Mexico City tightens security to keep out drug traffickers

MEXICO CITY (AFP) - Mexicans call it the cockroach effect - drug traffickers hit by security forces in one state skittering for refuge in another.

Now, the sprawling megalopolis of Mexico City is tightening security to head off such flight.

Fears rose this week because of a deadly clash that left 22 people dead as security forces fought suspected traffickers from the La Familia Michoacana cartel in the town of Tlatlaya, 240 kilometers (150 miles) from the capital and bordering Michoacan and Guerrero states.

Those fears prompted the mayor of Mexico City, Miguel Angel Mancera, to ask the army, navy and federal police to step up intelligence operations on the outskirts of Mexico City, which has a population of nine million plus 11 million more in its surrounding suburbs.

On the fringes of the capital, police are now searching incoming and outgoing vehicles and frisking people to try to catch drug traffickers.

The city is described by some as a relative island of peace in a country where drug-related violence has claimed some 80,000 lives since 2006.

The fear is that cartel members under assault by security forces in the nearby states of Michoacan in the west, Guerrero in the south and a neighboring state called simply Mexico, which is different from the Federal District, are trying to flee into the capital.

Increased violence in Mexico state is blamed mainly on the fleeing of cartel members from Michoacan. There, security forces launched a major military operation in 2013 because of fighting between the Knights Templar cartel and self-defense groups that rose up against it.

"Cooperation with federal forces is very important, mainly because they are cracking down hard on criminal groups in Michoacan, Guerrero and Morelos, and there is a high probability that they will move to Mexico City or the outskirts," said Raul Benitez Manaut, a security expert at the National Autonomous University of Mexico.

- Safe but no oasis -

As part of the new security plan, beefed up exchanges of intelligence and a meeting every two weeks with federal forces have been added to 56 police checkpoints that already had been set up outside the city.

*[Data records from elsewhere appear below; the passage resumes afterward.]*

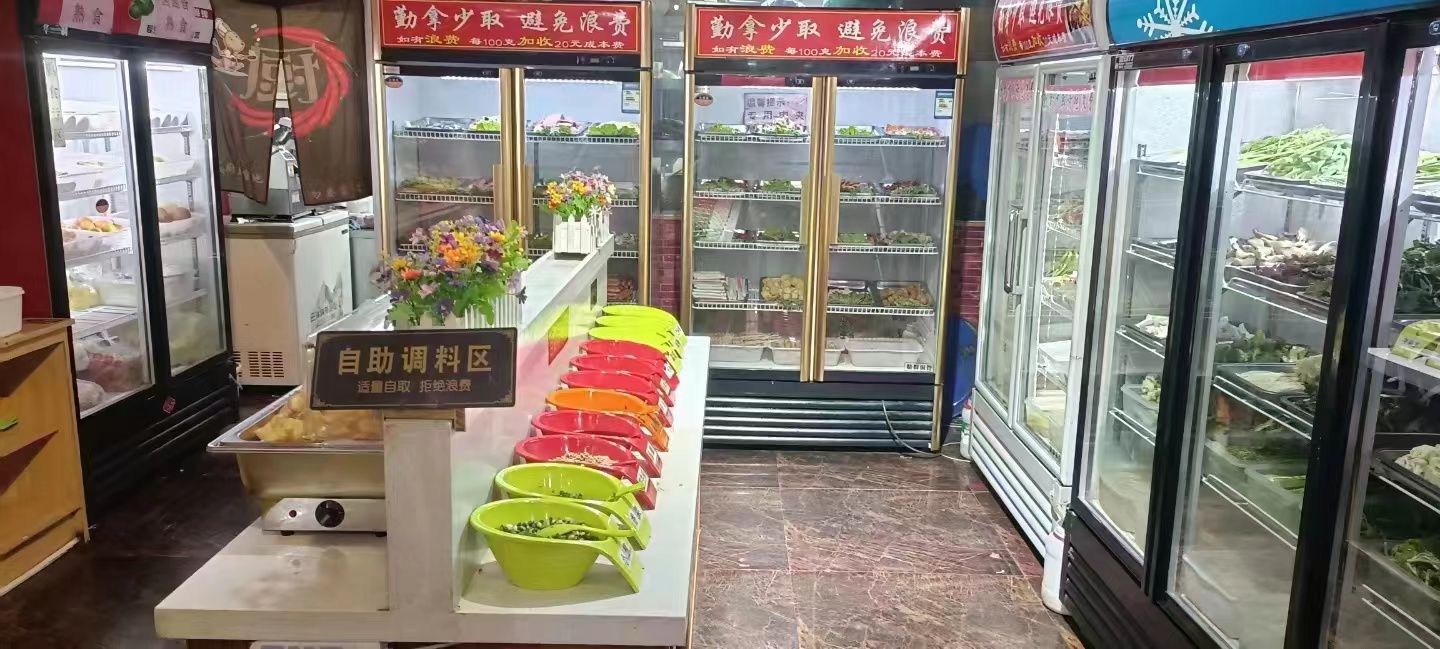 重庆鲜火锅全部食材,骨汤鲜火锅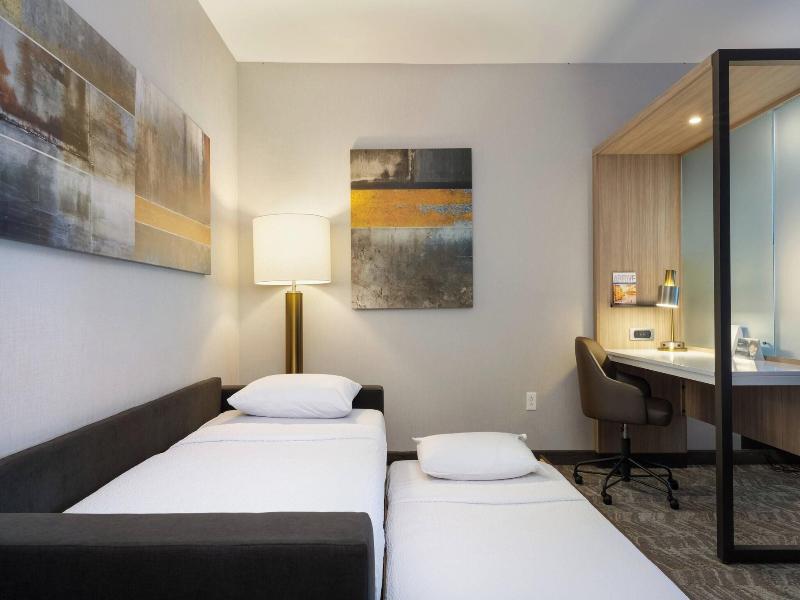 SpringHill Suites by Marriott Chattanooga South/Ri image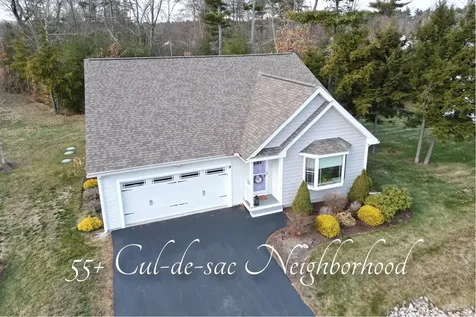 9 Castle Court Kingston NH 03848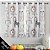 Cortina Blackout Infantil 1,50 x 2,40m – Animais | Synth Kids - Imagem 2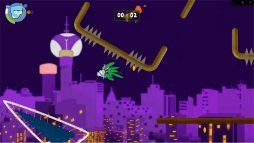 画像ギャラリー No.100のサムネイル画像 / 「INDIE Live Expo」参加クリエイター84名へアンケート。自身のタイトルやゲーム開発に至った経緯などを聞いた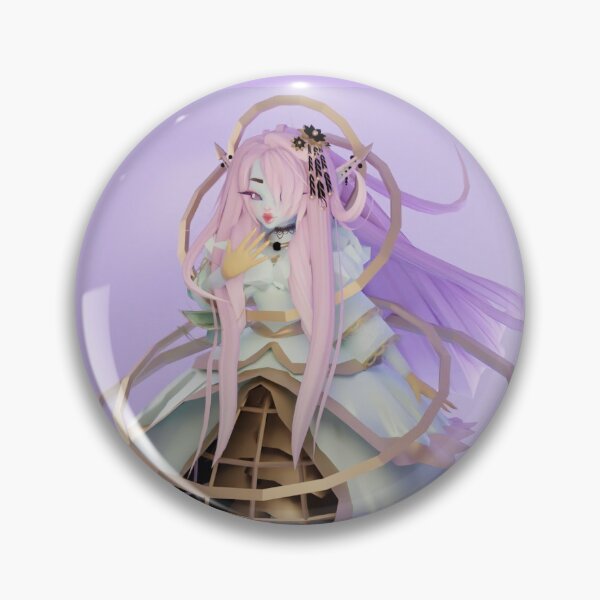 Item preview, Lady Rendusani - a snowy countess designed and sold by SylviaBrightway.
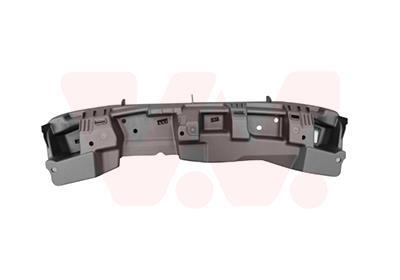 Suspension, grille de radiateur VAN WEZEL ref. 0919514
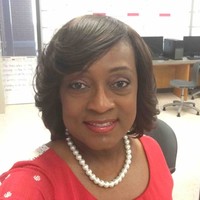 Dr. LaShonda Bess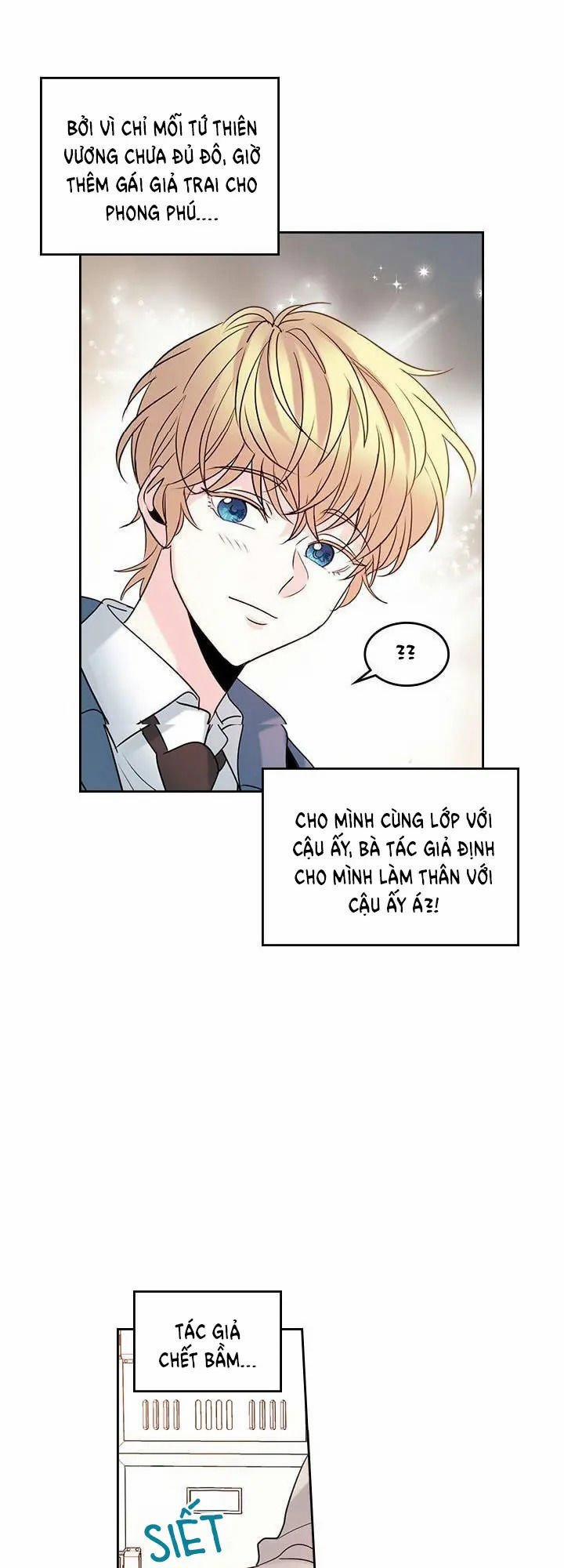 Luật Của Tiểu Thuyết Mạng 31 trang 52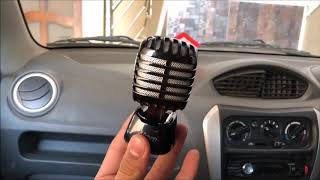 Best car Air Freshener of 2019 || Mic car perfume || Car DECALS ||AirPro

In the working class neighborhood of El Rosario, which borders on Mexico state, a dozen cops check cars, buses and passengers.

"A lot of criminals pass through here. The ones from here go there (Mexico state) and the ones from there come here," said resident Jesus Arcos, 56, as he watches the police operation in El Rosario, one of Mexico City's dodgiest districts.

Mexico City had been largely free of drug-related violence until it was engulfed in 2013 by the kidnapping and murder of 13 young people in a nightclub called Heaven.

Since then, people go on alert with every new episode of violence, even though the authorities insist that crime is down 25 percent since 2012.

"If we take into account that every day there are between 15 and 20 million people in the city, that we have a daily average of 2.2 homicides and crime is falling, I can say it is a safe city, but not an oasis," the chief of public security for the capital, Jesus Rodriguez Almeida, told AFP.

As it stands, Mexico City is ranked 20th in Mexico in homicides and 17th in kidnappings among the country's 32 states.